Copy the data that appears below exactly. Drop the pictures.

### [DATA]
# # #

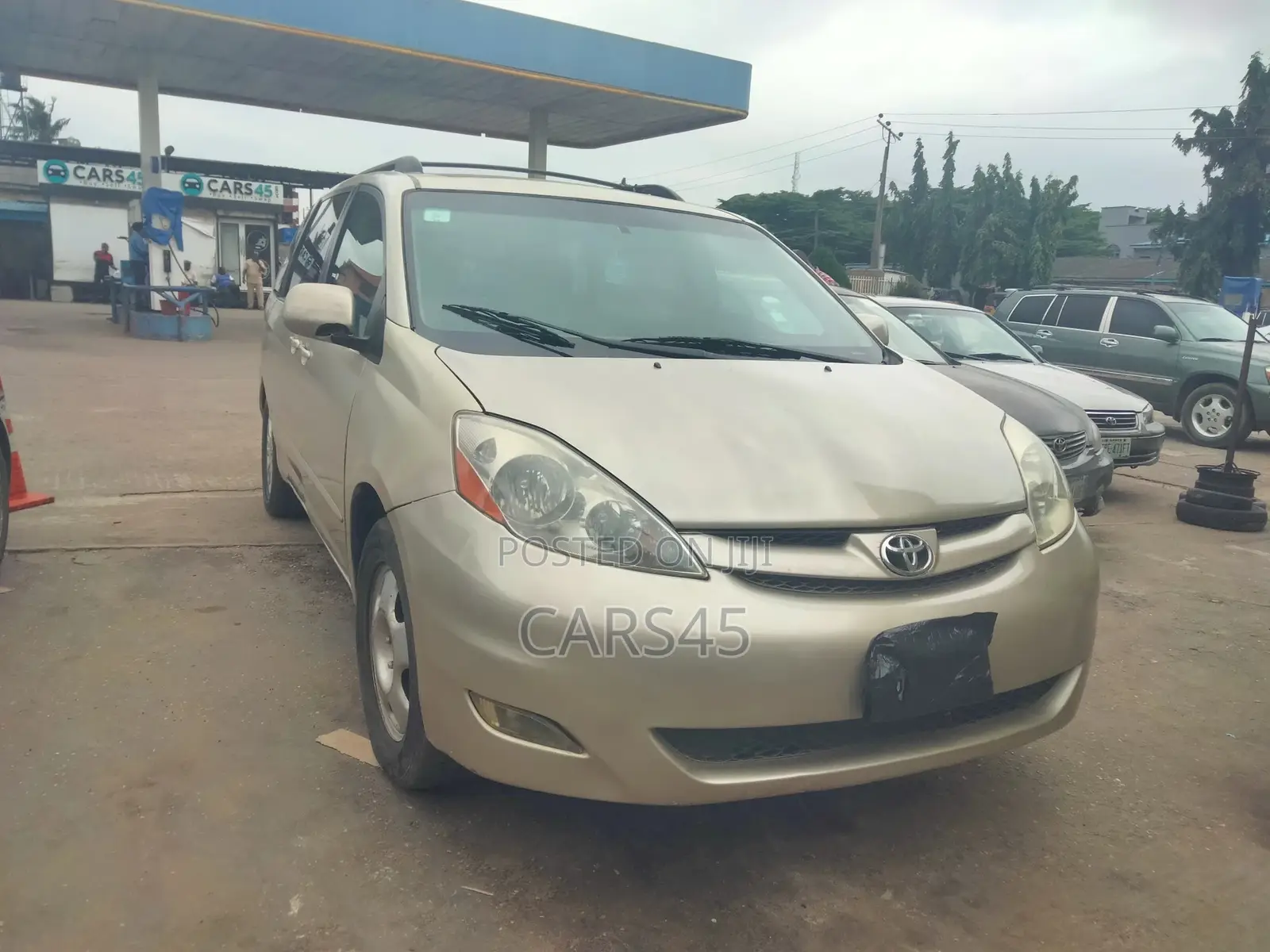 Toyota Sienna 2007 Gold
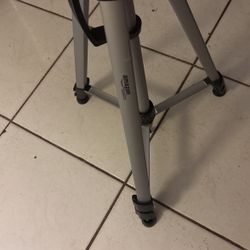 Amazon basic tripod With Bag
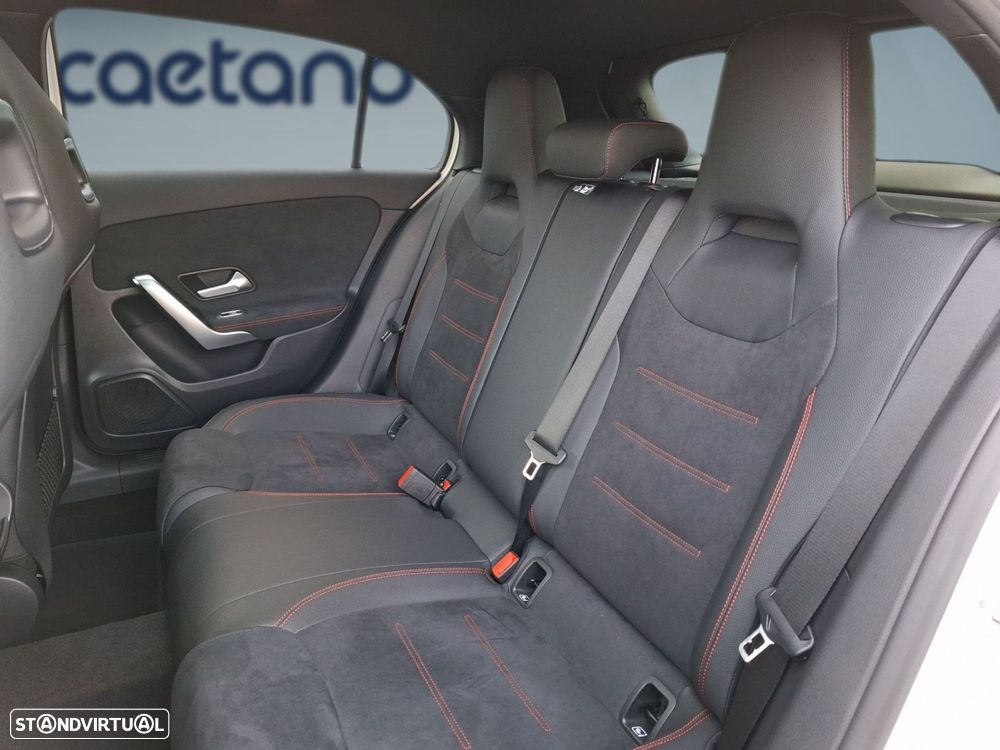 Mercedes-Benz A 250 e - 14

# # #

### [EXERCISE RESULT]
 Toyota Sienna 2007 Gold
 Amazon basic tripod With Bag
 Mercedes-Benz A 250 e - 14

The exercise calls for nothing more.